Vegan restaurants in Rome were few and far in between, and especially annoying to get to since many a) require taking a bus from the subway or b) are accessible by subway but require walking a ways from the station. I had a hard time finding a vegan-specific restaurant without dedicating at least 20 – 30 minutes commute-wise. Bistrot veg+veg was slightly easier to get to, being that I only had to take a subway.
The vibe of BV+V is chicly rustic, with shelves filled with wine bottles lining the walls and plants hanging from the ceiling. The only thing I thought was weird about BV+V was that the toilets didn’t have seats (though this is a common practice throughout Italy for some reason).
Cuisine-wise, BV+V had several tasty Italian pasta and seitan dishes. The flavor was quite subtle and didn’t stand out as being especially notable, but we did enjoy our dishes nonetheless. The dessert, a dry almond cake, was also not memorable.
Top marks for food but extremely low marks for the service go to USI, which is truly a shame. We enjoyed nearly everything on the menu — the veggie wok, tofu cutlet and chocolate mousse in particular — but the waiters are either mentally handicapped or extremely rude as we waited to be served or at least have menus brought to us/orders taken/updates on the status of our orders.

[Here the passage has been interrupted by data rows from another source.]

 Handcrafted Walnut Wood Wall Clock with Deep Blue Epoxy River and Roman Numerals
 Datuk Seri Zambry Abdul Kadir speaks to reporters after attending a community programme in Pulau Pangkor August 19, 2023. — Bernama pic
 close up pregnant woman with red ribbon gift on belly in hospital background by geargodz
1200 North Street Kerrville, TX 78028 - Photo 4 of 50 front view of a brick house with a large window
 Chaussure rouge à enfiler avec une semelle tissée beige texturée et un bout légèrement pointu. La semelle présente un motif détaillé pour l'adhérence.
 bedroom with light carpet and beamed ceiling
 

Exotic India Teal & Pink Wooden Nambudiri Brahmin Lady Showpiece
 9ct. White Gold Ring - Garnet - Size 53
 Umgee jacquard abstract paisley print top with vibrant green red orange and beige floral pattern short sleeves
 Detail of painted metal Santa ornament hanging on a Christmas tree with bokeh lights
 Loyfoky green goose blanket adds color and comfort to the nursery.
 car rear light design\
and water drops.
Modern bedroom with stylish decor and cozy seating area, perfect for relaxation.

They never checked on us or stopped by our table, we had to call them over after 15-20 minutes of wait between each interaction. Truly a missed opportunity for a better rating. The wait time was so long that it’d been two hours since the time we sat down till just before they closed for the day. Unacceptable. Too bad coperto was already included — that might also be a reason they don’t give AF!
Again, another missed opportunity for a better rating — the space, the food and overall experience would have been stellar if it wasn’t for a mess-up by one of the waiters.
Having truly enjoyed the seitan curry and the quinoa burger, we were dictated the dessert menu by a different waiter who took our initial order, which apparently had on it a vegan orange cake, which I ordered. As I ate it, I noticed that the yogurt topping smelled quite suspect of dairy, but I attributed this to skeptical paranoia.
Out of a desire to quell and dispel my gnawing curiosity, I finally asked our original waiter if the cake was vegan. Apparently the dessert menu dictator was extremely ill-informed, since the cake had BOTH eggs and yogurt with milk was the topping.
Though they did recompense me for the price of the cake, I was still left with the cautionary tale of: Italians don’t know what “vegan” means, even with a vegetarian-conscious menu, so eat at your own risk!
With already plenty of high reviews on most travel/review sites, Ecru certainly doesn’t need me to vouch for its tastiness, but I’ll do it anyway! This café-staurant has one of the most extensive, all-vegan menus I’ve seen during my trip, as well as a separate, entirely English version on each adjoining menu page. I was also a big fan of their gazpacho soup, which tasted so fresh it was almost like the tomatoes had been plucked from the vine that very morning.
I also ordered a veggie wrap, which was housed in a translucent rice wrapper alongside a chopped avocado salad. It almost tasted TOO healthy — my juice lacked any sort of sweetness but was no doubt fresh and additive free. The veggie sushi was underwhelming since it was basically just carrots, avocado and alfalfa bound together by seaweed.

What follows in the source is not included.